The Silent Scream.

Posted: December 14, 2009 in Uncategorized

I want to get back on the topic of cutting and self injury for this blog entry. It was the topic that got me motivated to start this blog and I seemed to break away from that in the past few entries. It’s a hard, challenging and depressing topic to discuss yes I know; but I believeĀ  it’s my “fight” God placed in my life to battle and I believe it all starts with having that honest conversation.

I remember in 10th grade health class the topic of cutting came up. We were all handed a pamphlet for a meeting they were having on the topic. It said on the cover “Cutting: The Silent Scream”. For some reason that angered me. I ripped up the paper and threw it away. My teacher said that the cutter wants attention so they cut themselves to gain that. The people in their lives see the scars and wounds and they become concerned, thus getting the attention they had been craving.

I almost walked out of class that day. He was making it sound like the cutter was nothing but an attention seeker. That they wanted nothing out of it except to parade their pain and torment around like it was something that wasn’t harmful.

My teacher was wrong, but that pamphlet was right.
Cutting is the scream without noise.
But it’s not just the scars and cuts. It’s their attitude, outlook on life, their silence, their hopelessness and desperation.

The cutter sends out so many signs and calls for help to those closest to them. Depending on how close they are to a certain someone, they start wearing clothes that no longer conceal their cuts and scars. The wrist bands start to come off, the t-shirts come back as do the shorts or capris.

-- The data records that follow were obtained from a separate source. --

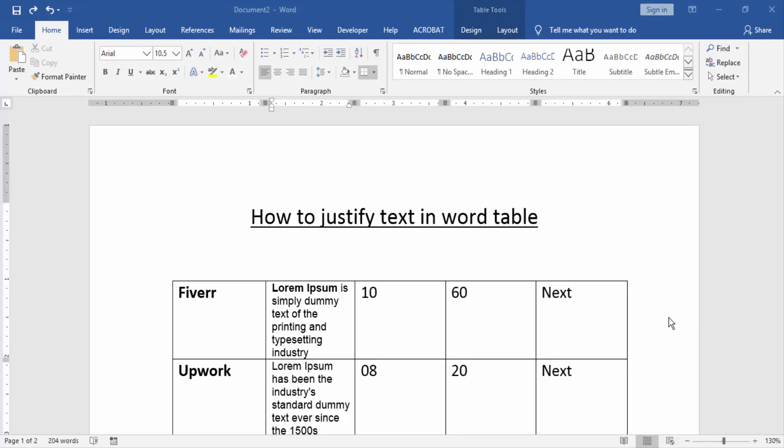Assalamualaikum. Hello friends, how are you? Welcome back to our new video. In this video, I am going to show you how to justify text in a Word table. Let's get started.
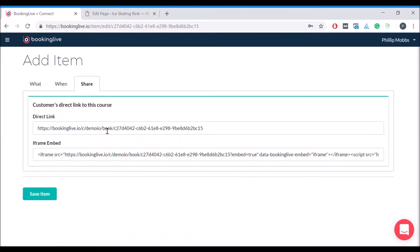The first method to allow them to book is the direct link. You can provide them this link in an email or on your website and it will take them directly to the booking page.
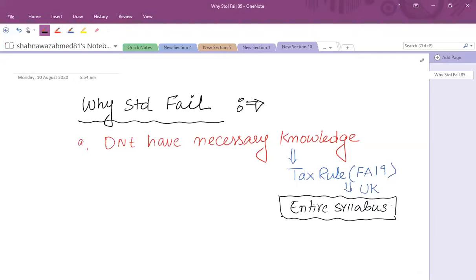If a student doesn't properly know income tax rules — for example, if they haven't learned exempt employment benefits, or how to calculate NIC Class 2 and 4, or the rules regarding NIC Class 1 employee or employer — then straight marks are there but the student is not able to get them because knowledge is missing.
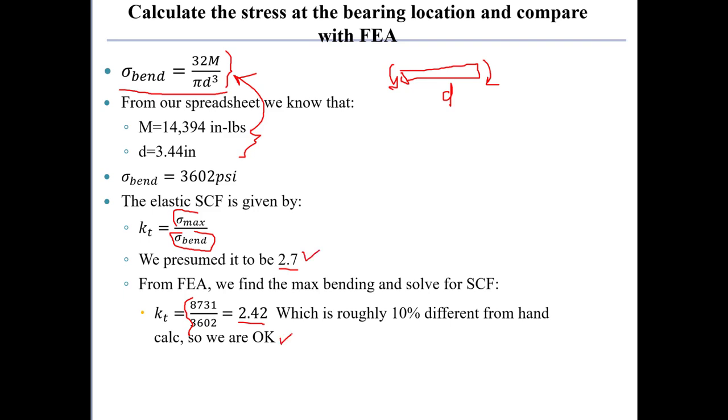So anytime we're within about 10%, we're in good shape. So I now trust the basics of the finite element result.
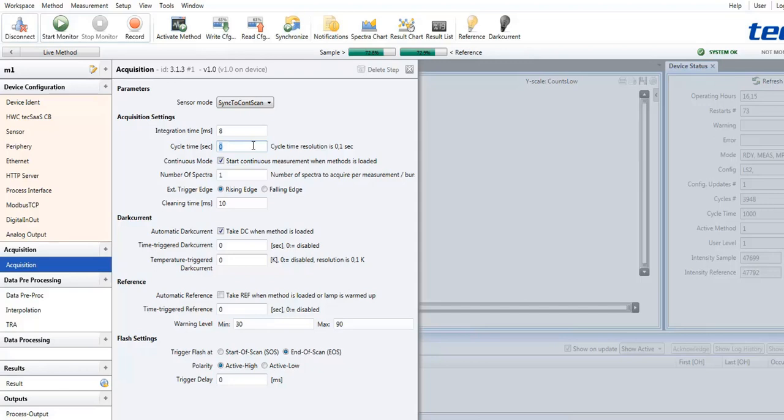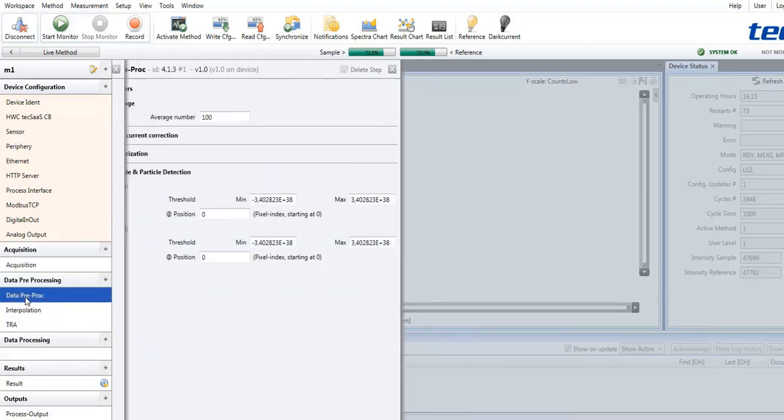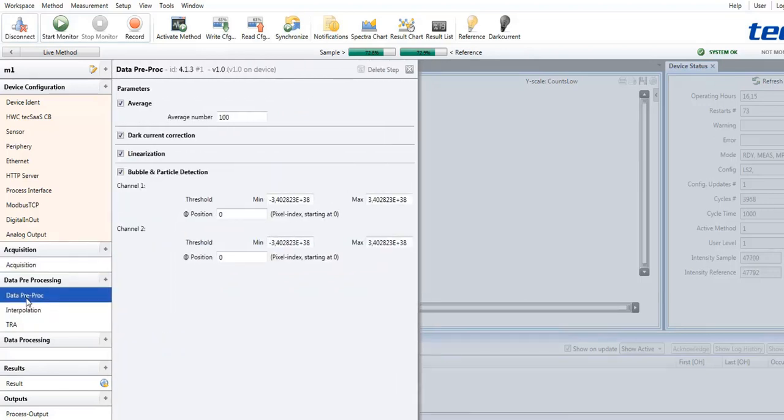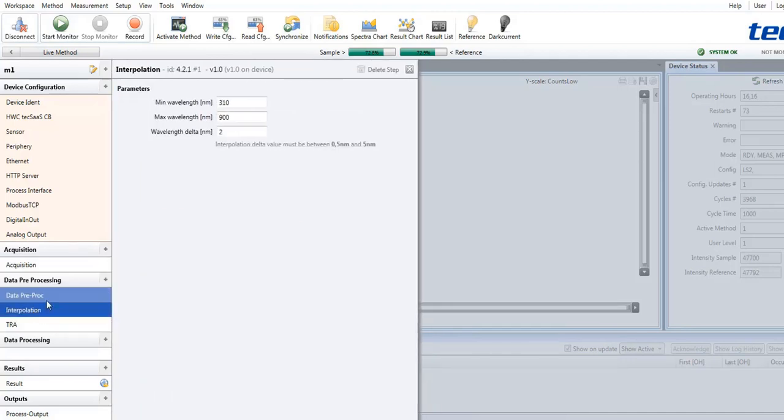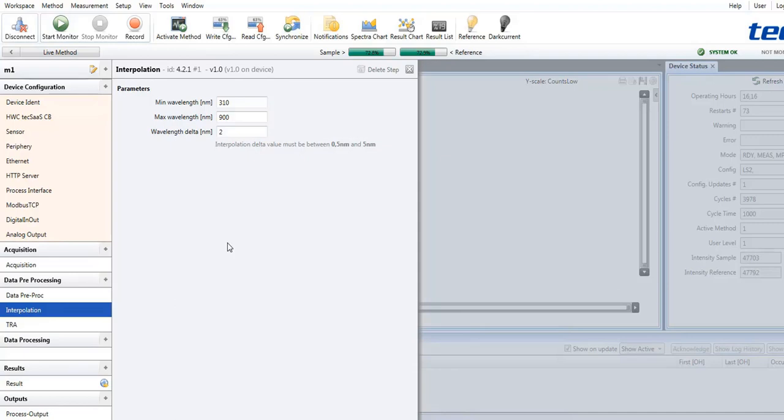Then, data pre-processing steps may be defined. For example, averaging a number of single measurements, or dark current correction, linearization, or also interpolation parameters, specifying the wavelength range and the step width for the spectra to be processed.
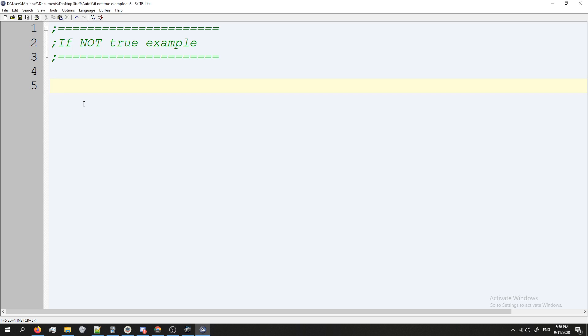For starters, I'm going to make a new variable, we'll just call this test, and we're going to set this equal to zero.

It’s not just the clothes though. Sometimes it’s actually sitting down and telling someone about what they are doing. It’s probably the biggest step of boldness one can take. Confiding in someone about it, having in the back of your head the whole time that they are going to push you away for being a freak after you’re done spilling your guts.

The silence that radiates from them, is not silence. It’s a cry for help. Their “I’m fine” they speak of is code for “Please call out my lying and just be here for me. Help me and love me for me and all of this. Please”.

I wrote this before in my first entry but I really want to stress that if you see someone having a tough time, ask them how they’re really doing. It may be tough but I encourage you to not settle for the “I’m ok” answer. They need to know someone out there loves them and is here for them.

  1. Sara Wood says:


    This blog is AMAZING. Every time I read your entries I get chills because I can just feel how much God is speaking through you. It’s awesome. I don’t think you know this, but I too have struggled with SI and hearing how passionate you are about helping others makes me so excited for you. I don’t think there is any better way to recover than to take your pain and use it for the glory of God. My struggle was more focused on clinical depression and being suicidal, but SI was mixed in there too unfortunately. But my point in telling you all this is that I’m doing SOOOO much better now. Through the help of God and amazing people God placed in my life I really feel like I’m at a place where I can share my story and not worry about slipping back into an unheatlhy place if ya know what I mean. Your blogs are AMAZING, they are so real and honest and display incredible insight. I know that things aren’t going exactly how you want them to right now, but I think that sometimes God shakes our lives up a little so that we are forced to rely on him and trust his plan. I feel like I’m kinda in a similar place at the moment because even though I’m at college pursuing my degree and heading on a specific path I can’t help but wonder if I’m in the right place and why things are happening the way they are. And I think the most important thing I’ve learned throughout all this is that God is faithful, no matter what. So even if I don’t understand I’m just going to keep moving forward and believe that God has it all under control. God is so taking care of you Jess and he totally has you right where he wants you. He is working in your life and using your life to impact others, your blog makes that so evident. So don’t give up when things get hard because God is NEVER going to give up on you. I hope you continue to keep writing and pursuing your hopes and dreams, God is totally using you and anything you hear that says he isn’t is just a lie from the enemy. I’ll be praying for guidance and direction and strength for you. I know that God has AMAZING plans for your life, and I can’t wait to see where things go from here.